If you’re just jumping into this base for the first time, start with the Assignments base.

Add in any assignments you’re currently working on and fill out as many fields in the record as you can. When it says to link a record, click through and enter whatever that record is for — it might be your editor’s name and contact info, the publications’ name, or the associated invoice you’ll be sending to get payment. Entering that info will create records in those tabs for you to go fill out later. As you go through pitch call emails or come across editors on Twitter, add them to your tabs.
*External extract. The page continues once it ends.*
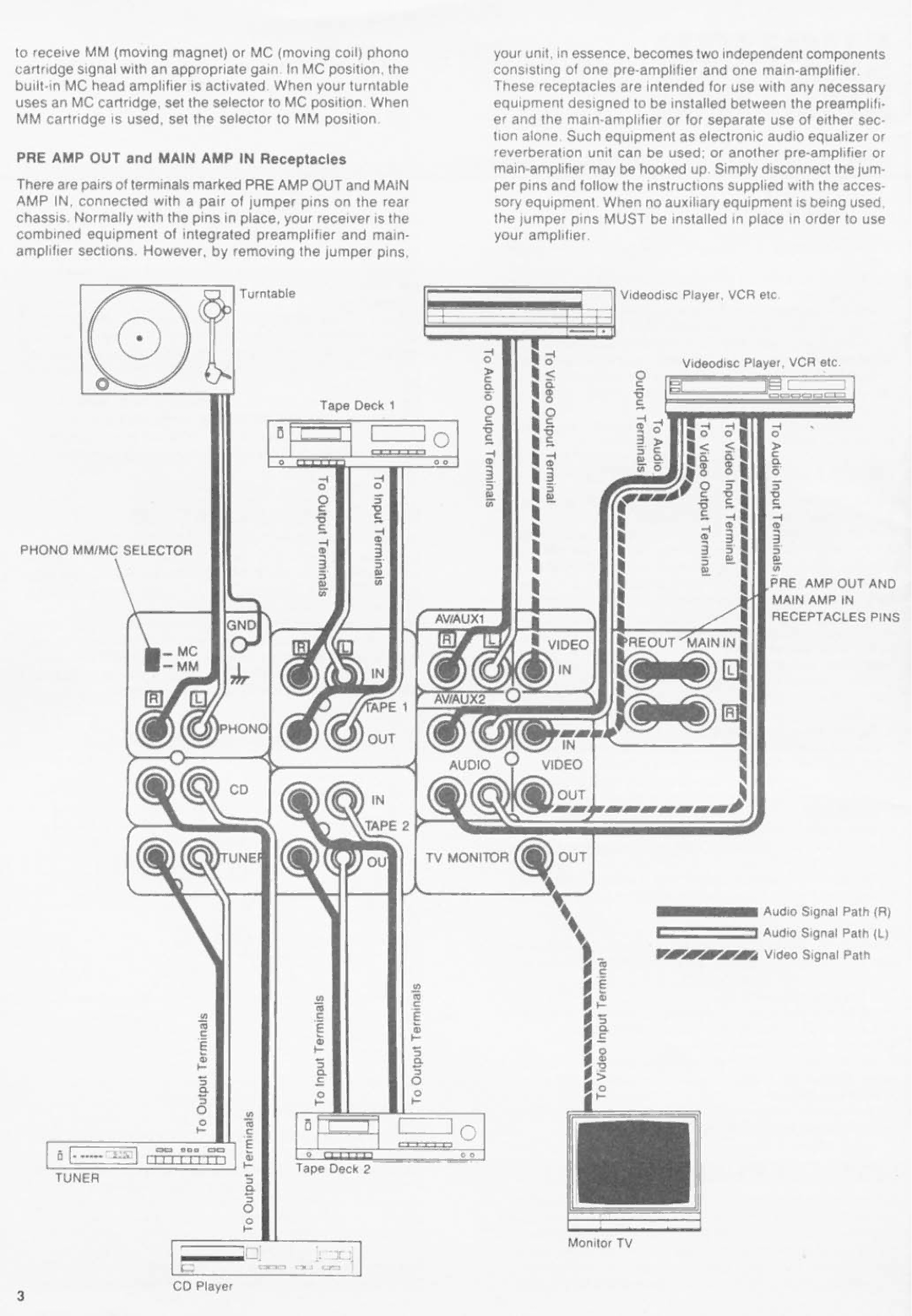 Rotel RA-870BX manual 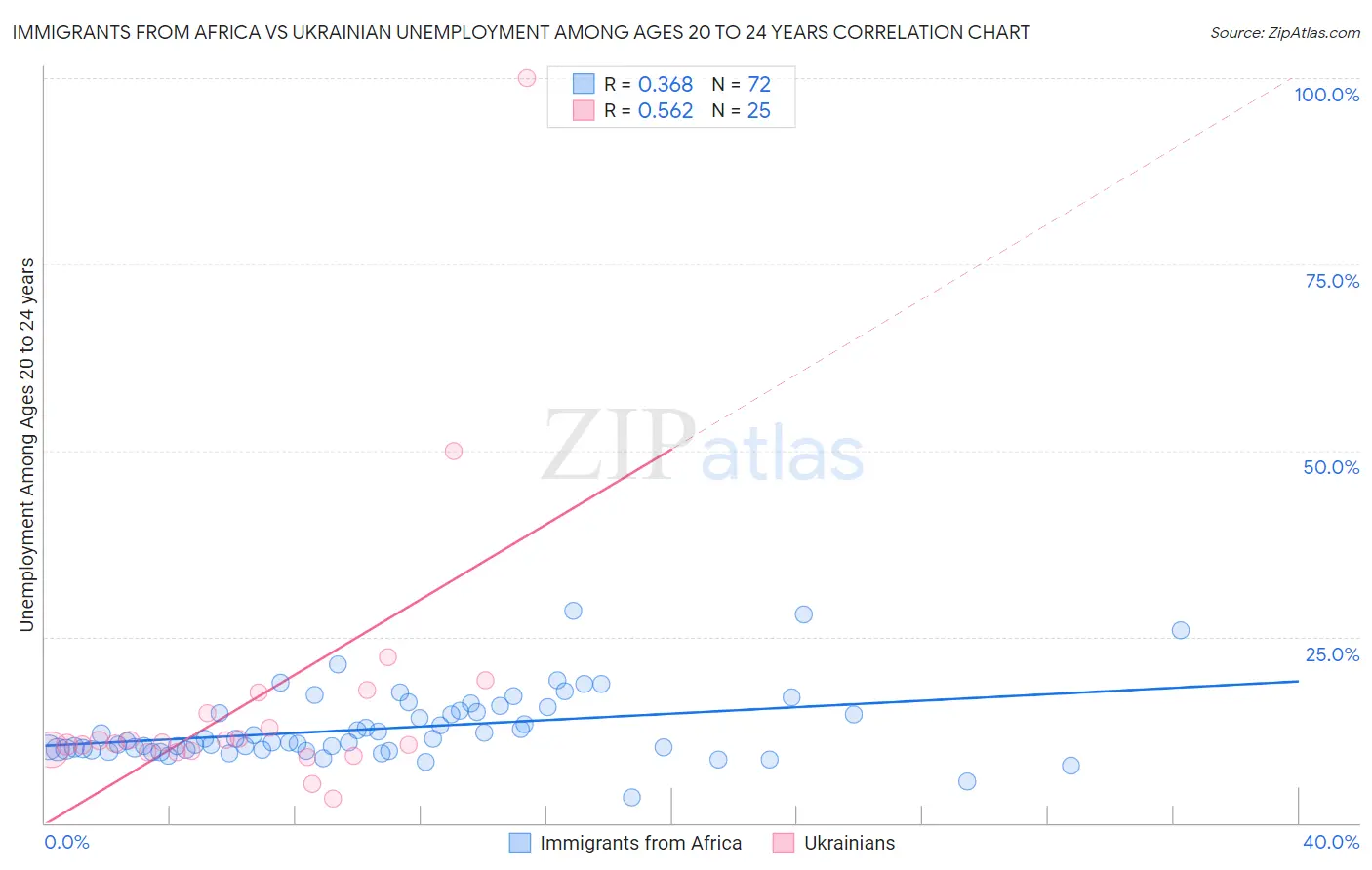 Immigrants from Africa vs Ukrainian Unemployment Among Ages 20 to 24 years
Take some time to go through your recent emails and previous assignments and add that information in there too.

 

What If I'm on an older template—I want the new features!

If you’re on an old template and want to update it with new features, it seems that there are two not great ways to do that.

1. Copy and paste all your information into the newly copied, empty template by column in the grid view (this may break links between tabs, though) or 2. add the new tabs and columns to the sheet you’re using manually (this is best if you’ve made some tweaks to the columns and tabs to personalize the base).

Let me know if you figure out a better way!